Bronwyn had not seen his point of view. If he loved her, she’d screamed, he’d share everything with her. He had loved Bronwyn—sorta...kinda—but not enough to risk sharing his company with her or paying her out for half the value of the house that had been in his family for four generations in the event of a divorce.
They’d both dug their heels in and the break-up had been bruising.
It had taken him a couple of years, many hours with a whisky bottle and a shattered heart until he’d—mostly—worked it all out. He believed in thinking through problems—including personal failures—in order to come to a better understanding of the cause and effect.

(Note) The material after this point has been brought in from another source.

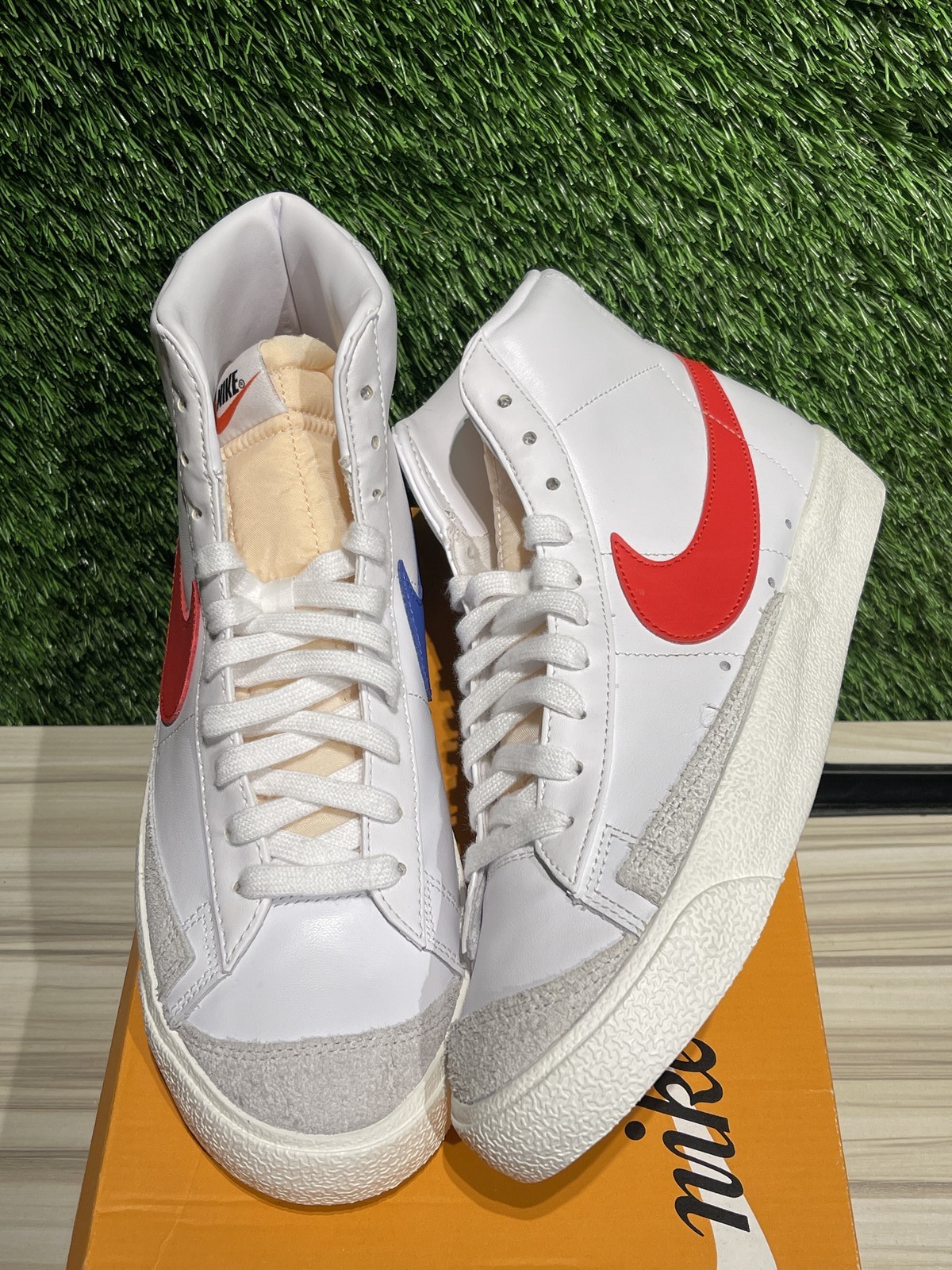 Size 9.5M/11W – Nike Blazer Mid 77 Vintage Mismatched Swoosh Blue Red Sz 9.5M BQ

It was highly probable that he’d fallen for Bronwyn because she was, on the surface, similar in behaviour and personality to his mother. A hippy child who flitted from job to job, town to town. A supposed free spirit whom he’d wanted—no, needed to tame. Since his mother had left some time around his twelfth birthday to go backpacking round the world, and had yet to come home, he’d given up hope that he’d ever get her love or approval, that she’d return and stay put. He’d thought that if he could get Bronwyn to settle down, to commit to him, then maybe it would fill the hole his mother had left.
Yeah, right.
But he’d learnt a couple of lessons from his FUBAR engagement. Unlike his jobs—internet security expert and overseeing the Hollis Property Group—he couldn’t analyse, measure or categorise relationships and emotions, and he sure didn’t understand women. As a result he now preferred to conduct his relationships at an emotional distance. An at-a-distance relationship—sex and little conversation—held no risk of confusion and pain and didn’t demand much from him. He’d forged his emotional armour when his mum had left so very long ago and strengthened it after his experience with Bronwyn. He liked it that way. There was no chance of his heart being tossed into a liquidiser.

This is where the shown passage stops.